• [TO DO]
Scan the records beneath this line for the line holding "2015 Ford F150" and the line holding "Grey Marl-White - Back", then transcribe exactly those two and all lines between.

RECORDS FOR PROCESSING: Begin

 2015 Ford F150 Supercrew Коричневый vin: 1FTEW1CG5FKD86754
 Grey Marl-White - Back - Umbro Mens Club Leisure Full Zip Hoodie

RECORDS FOR PROCESSING: End
RECORDS FOR PROCESSING: Begin

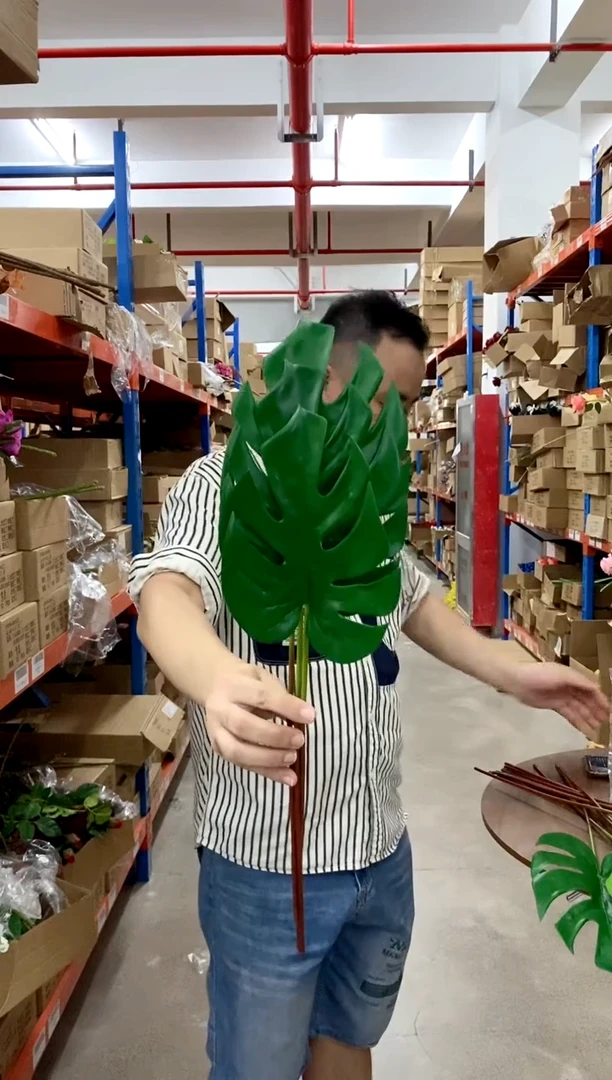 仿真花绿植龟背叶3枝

RECORDS FOR PROCESSING: End

• [EXPECTED OUTPUT]
 2015 Ford F150 Supercrew Коричневый vin: 1FTEW1CG5FKD86754
 Grey Marl-White - Back - Umbro Mens Club Leisure Full Zip Hoodie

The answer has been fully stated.